La foto se hizo bronce. Es uno de los monumentos más destacados, y más visitados, de Washington: un símbolo de la lucha de Estados Unidos contra Japón, en el Pacífico, durante la Segunda Guerra. Foto y bronce recuerdan el instante en el que la bandera de Estados Unidos fue enclavada en la altura del monte Suribachi, en la isla de Iwo Jima y durante una de las batallas más sangrientas, si no la más sangrienta, de aquella contienda contra el imperio japonés.
Por infobae.com
Foto y bronce estuvieron a punto de no ser, porque la foto estuvo a punto de no ser tomada por el fotógrafo de Associated Press, Joe Rosenthal, que terminaría por ganar un premio Pulitzer por disparar su cámara en el momento exacto, poco después de las diez de la mañana del 23 de febrero de 1945, hace setenta y siete años.
El momento exacto de Rosenthal muestra a seis infantes de marina en el momento de emplazar la bandera en el suelo volcánico del monte, el único punto alto de una isla árida y desértica, sin agua, sin vegetación, un despojo en medio del Pacífico.

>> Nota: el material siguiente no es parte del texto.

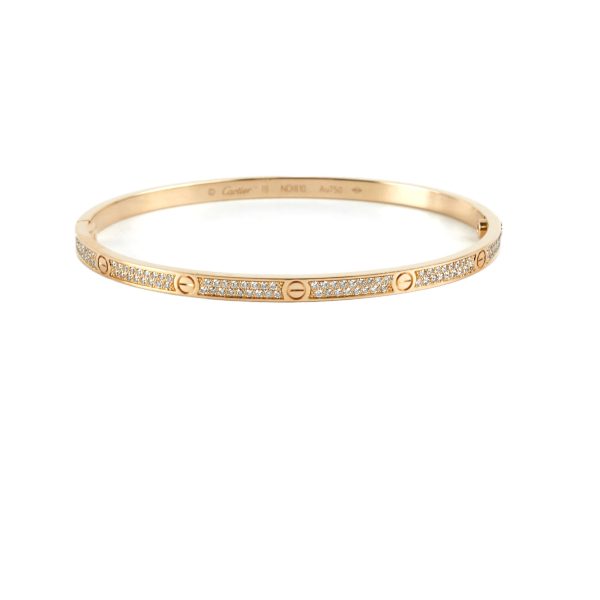 Cartier Small Model Love Pave Bracelet Yellow Gold 2021 Discount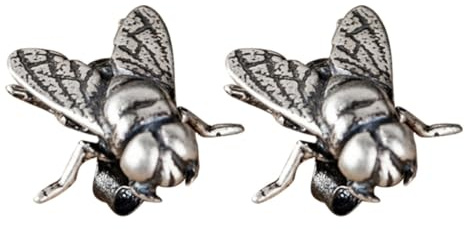 GOOHOCHY Boucles d'oreilles punk forme mouche en argent S925 pour femmes, résistantes à l'oxydation, idéales pour soirée et cérémonie, 1 paire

Todo, isla, batalla y bandera, tiene una historia singular. Por ejemplo, la bandera de la foto y el monumento no es la original. Hubo otra antes, reemplazada el mismo día por la que luego fue famosa. Y el instante, que simboliza de alguna forma la victoria, no simbolizaba nada: la victoria americana sobre los defensores estaba lejos de lograrse.
Y la isla, que era un punto perdido en el océano, no tenía nada, es verdad, salvo un aeródromo, ni siquiera un aeropuerto. Y estaba a mitad de camino entre las islas Marianas y Japón. Ese pedazo de tierra con forma de pera y un solo punto alto, se convirtió en un enclave estratégico fundamental para Estados Unidos y también para Japón, decidido a defenerlo. Por eso se dio allí la batalla más sangrienta de la guerra en el Pacífico.A mediados de 1944, cuando la guerra en Europa ya se había inclinado del lado de los aliados, Estados Unidos, que ya corría rumbo a Tokio, había conquistado ya las Islas Marianas, a unos dos mil quinientos kilómetros de la capital del imperio japonés. La idea era bombardear la ciudad y regresar a salvo. Los fantásticos bombarderos B-29, llamados “fortalezas volantes”, podían hacer el camino de ida y vuelta, el de ida cargados de bombas, sin reabastecerse. Llegaban justo, eso sí. Y si había en medio alguna avería, el peligro era mayor. Los B-29 podían amerizar. Pero los soldados americanos tenían terror de caer en el Pacífico a merced de los buques japoneses y, sobre todo, de los tiburones. Los vuelos rumbo a Tokio empezaron el 29 de noviembre de 1944 y causaron estragos en la capital del imperio, con casas construidas en su mayor parte con madera y papel..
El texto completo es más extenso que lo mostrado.